> **What is required**
Once the line containing "Realistic Hornet Sculpture" is located in the records below, repeat it and all lines that follow it exactly, leaving out any picture.

> **Supplied data**
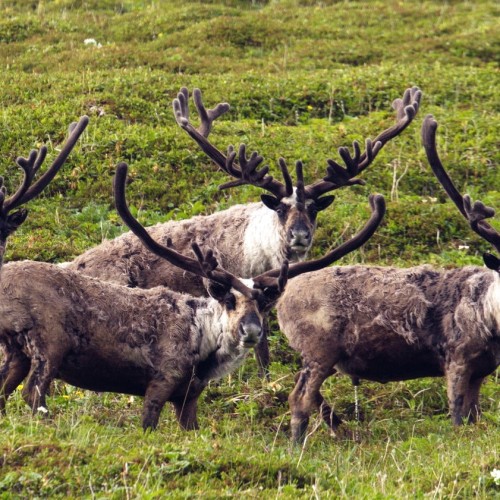 VIP-круиз с экспертами и музыкантами от Камчатки до Чукотки (всё включено)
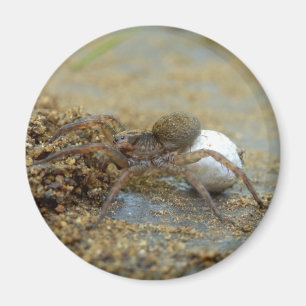 Wolf Spider With Egg Sac Magnet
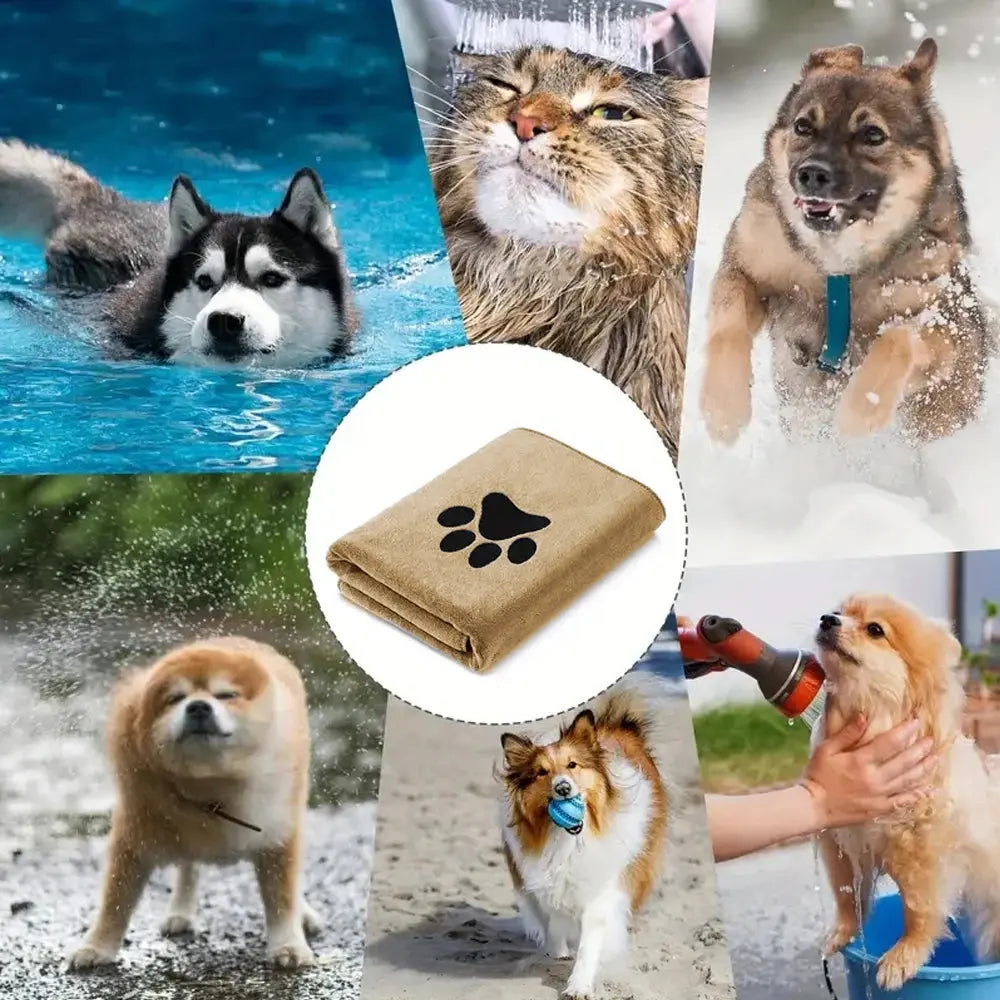 Quick Dry Bath & Grooming Pet Towels - Pawthrive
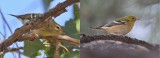 Blackpoll left, Bay-breasted right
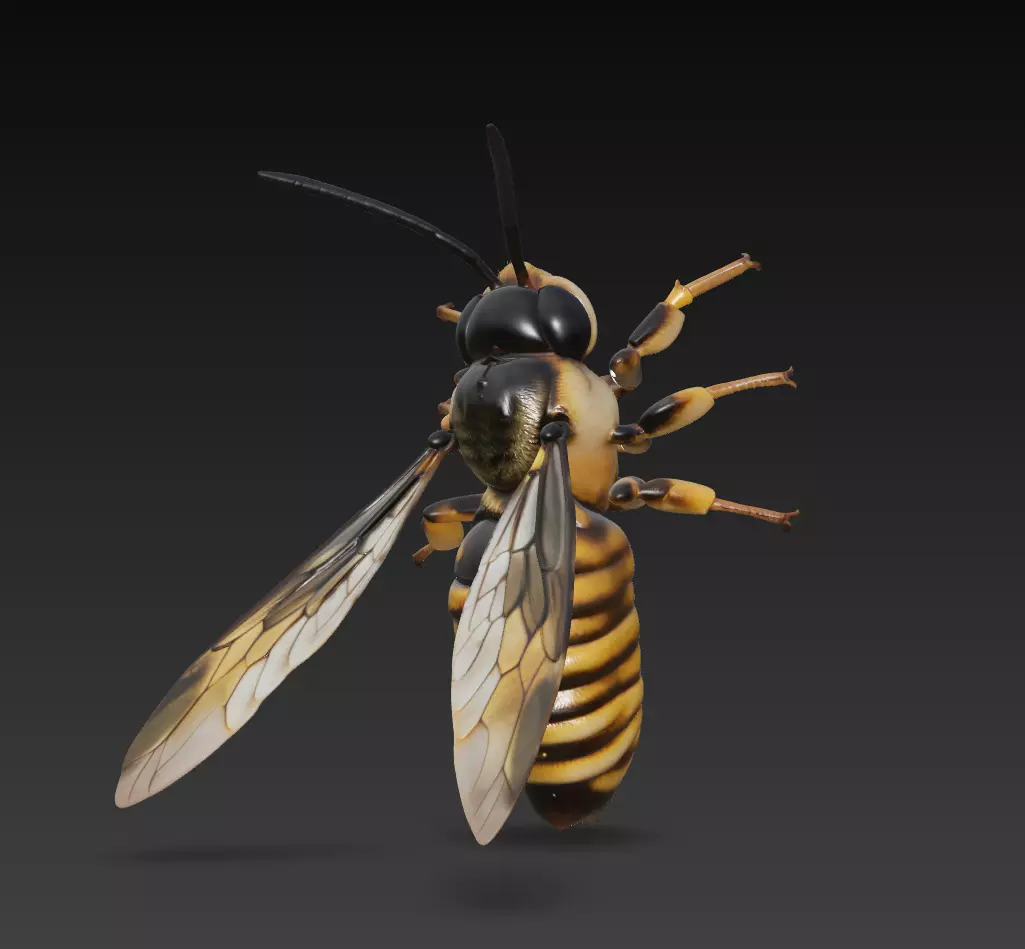 Realistic Hornet Sculpture - High-Detail Insect 3D Model 3D print model_1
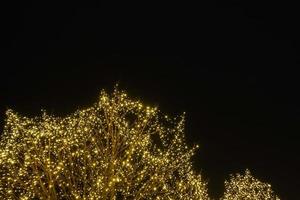 Maravilhoso árvore com pequeno luzes às uma Natal mercado com Preto céu dentro a fundo foto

> **Exercise solution**
 Realistic Hornet Sculpture - High-Detail Insect 3D Model 3D print model_1
 Maravilhoso árvore com pequeno luzes às uma Natal mercado com Preto céu dentro a fundo foto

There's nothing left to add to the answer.